Knowing that we weren’t arriving in Prince Rupert until nearly midnight we had booked an Airbnb so headed straight there. Keys had been left for us and it was glorious to stay in an immaculate home with a comfy bed, internet, power shower and a coffee maker! However, aside from the house and the supermarket we didn’t see that much of the town as it was chucking it down and we headed on north once we had restocked and googled as much as we could remember we had to.
We had anticipated not reaching Stewart/Hyder until the next day, but 500km and a few black bear spottings later we rolled into Hyder – the most southern ‘town’ in Alaska. So remote they don’t bother with a border but the gateway to Salmon Glacier where we parked up for the night. This is one of the spots where you see pictures of grizzlies fishing the salmon but we are still too early and the salmon haven’t arrived yet so the grizzlies weren’t in town yet either.

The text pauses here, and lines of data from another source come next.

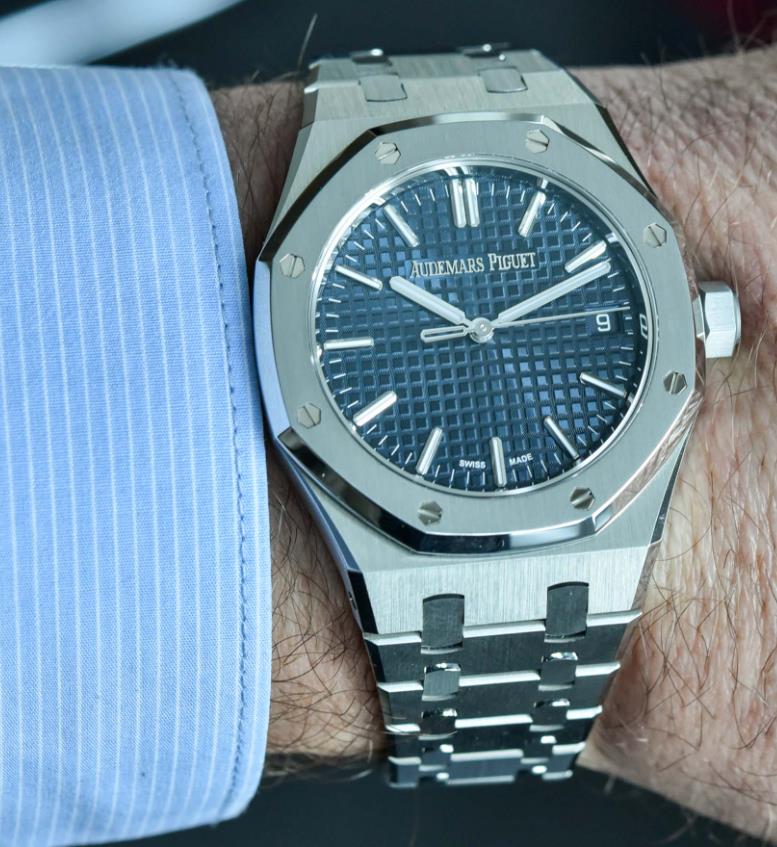 Audemars Piguet Royal Oak 37mm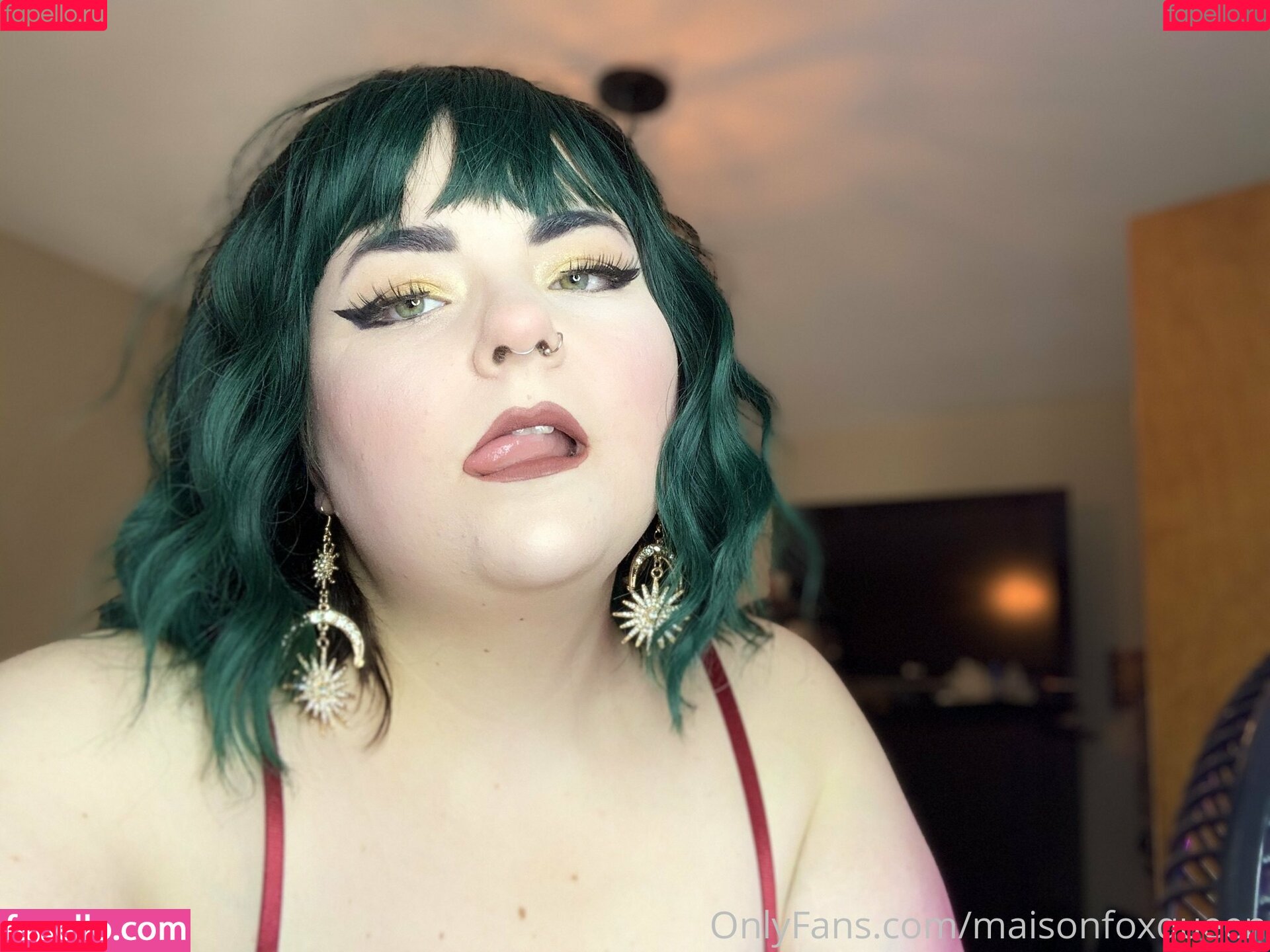 maisonfoxqueen Onlyfans Photo Gallery 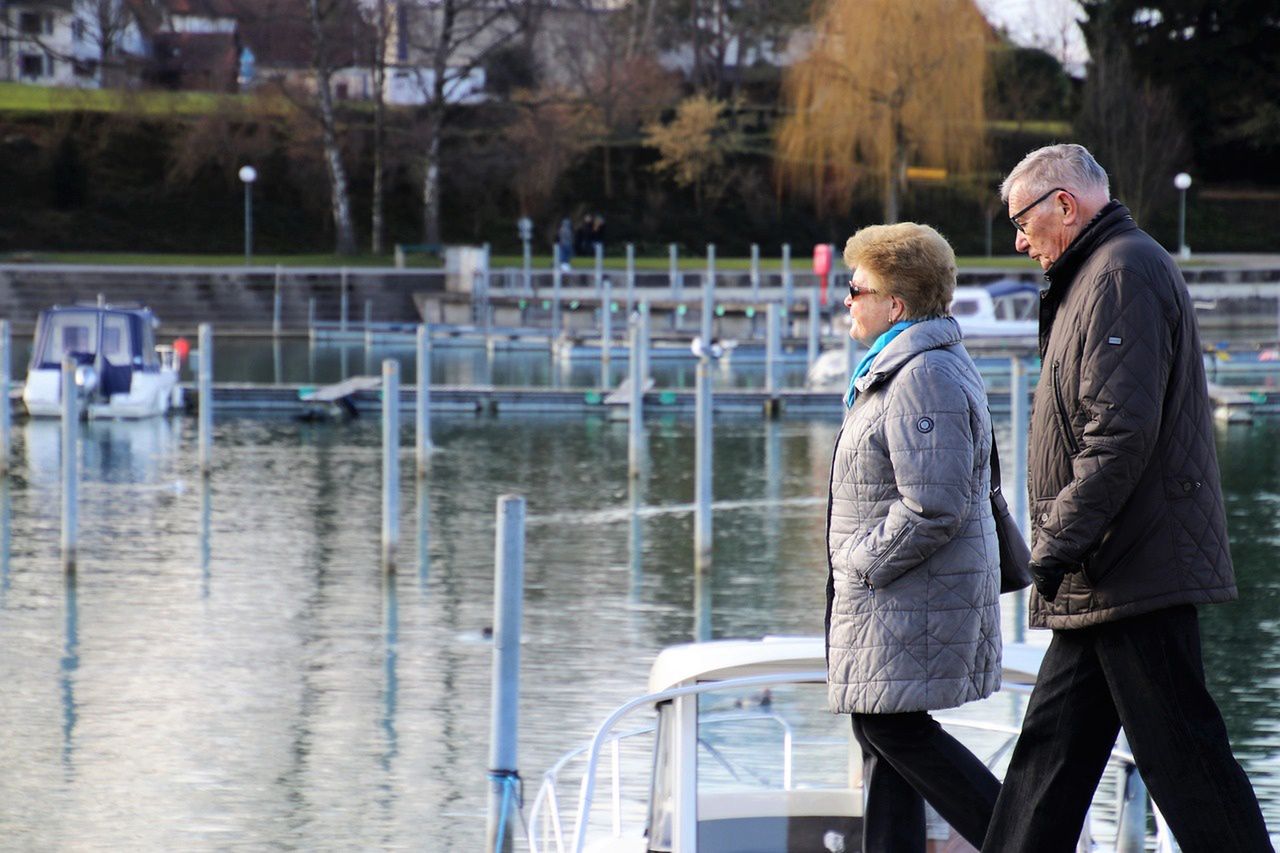 Waloryzacja emerytury. O ile wzrosną świadczenia dla seniorów?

At some point coming down the mountain the next day we got a puncture… which we noticed about 200km later by which time we had ruined the tire… oops! We had checked the spare so we knew it was good to go; less sure about whether the jack would still work with the lifted suspension as it was something we had been meaning to check – you know how it is. Luckily all good and we were underway again before you could say Jack Robinson. A black bear with 2 of her cubs helped cheer us up (playing on the side of the road rather than by buying us beers).
Then onto Whitehorse, via Watson Lake and their signpost fiesta where we had hoped to replace the spare. Whitehorse is a pretty cool little town, first ‘proper’ shops we felt we had seen in a while and its claim to fame is the world’s longest fish ladder, built so the salmon can get past the hydro electric dam. No fish in it though – we’re still a bit early. Camping spot for the night was Takhini Hotsprings, after more than a few nights with no hot water they felt great.